##### Data excerpt #####
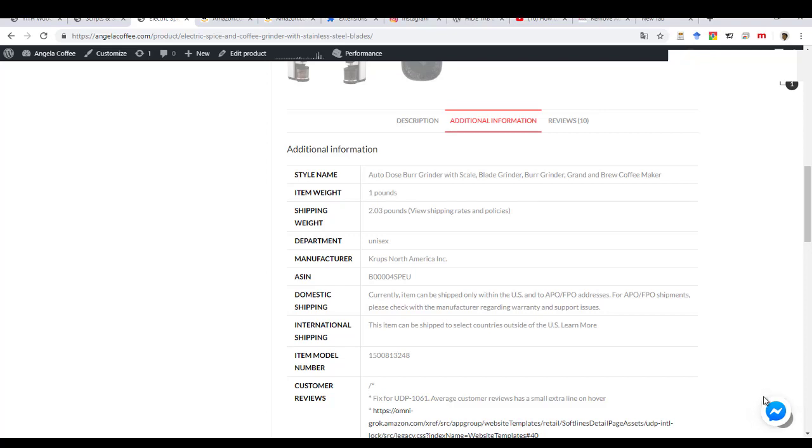What is up guys, Behalji here. So today I'm going to show you how to remove or disable or hide the additional information tab from your WordPress website or your WooCommerce store.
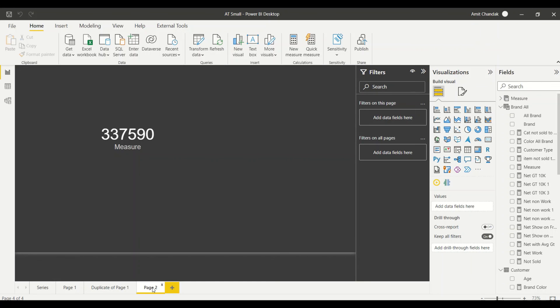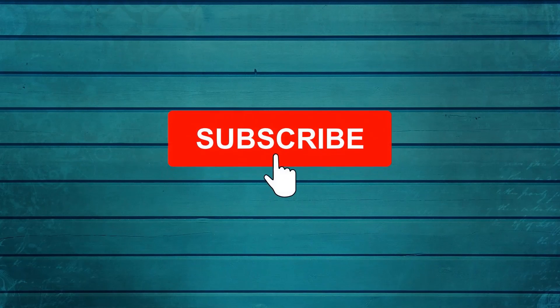Go ahead and try this out and let me know what else you want me to cover in this series. Thanks for watching this video. Keep watching, keep asking questions in the comments, subscribe to my channel, and press the bell icon so you can get notifications for new videos. Thank you.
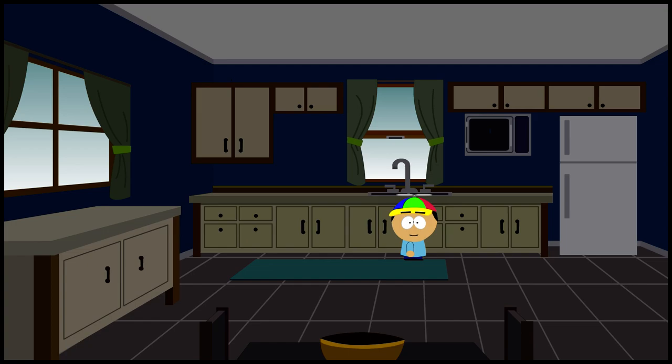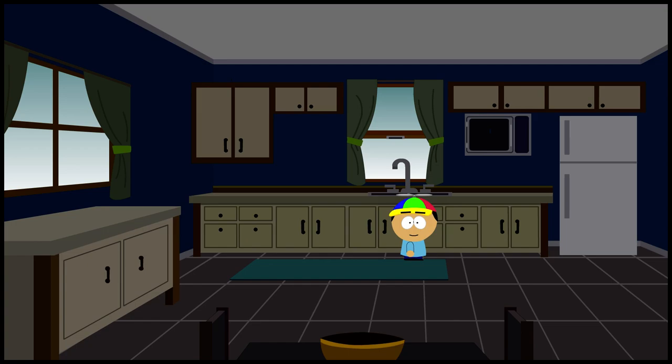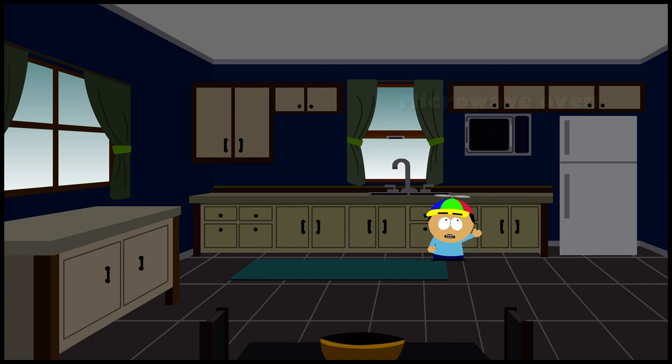There is a sink. There are some cabinets. There is a microwave oven. There is a refrigerator.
#####
- Description of the task
The answer should consist only of the lines from the line with "Go ahead and" through the last line of the data, repeated exactly; pictures stay out.

- Answer to the problem
Go ahead and try this out and let me know what else you want me to cover in this series. Thanks for watching this video. Keep watching, keep asking questions in the comments, subscribe to my channel, and press the bell icon so you can get notifications for new videos. Thank you.
There is a sink. There are some cabinets. There is a microwave oven. There is a refrigerator.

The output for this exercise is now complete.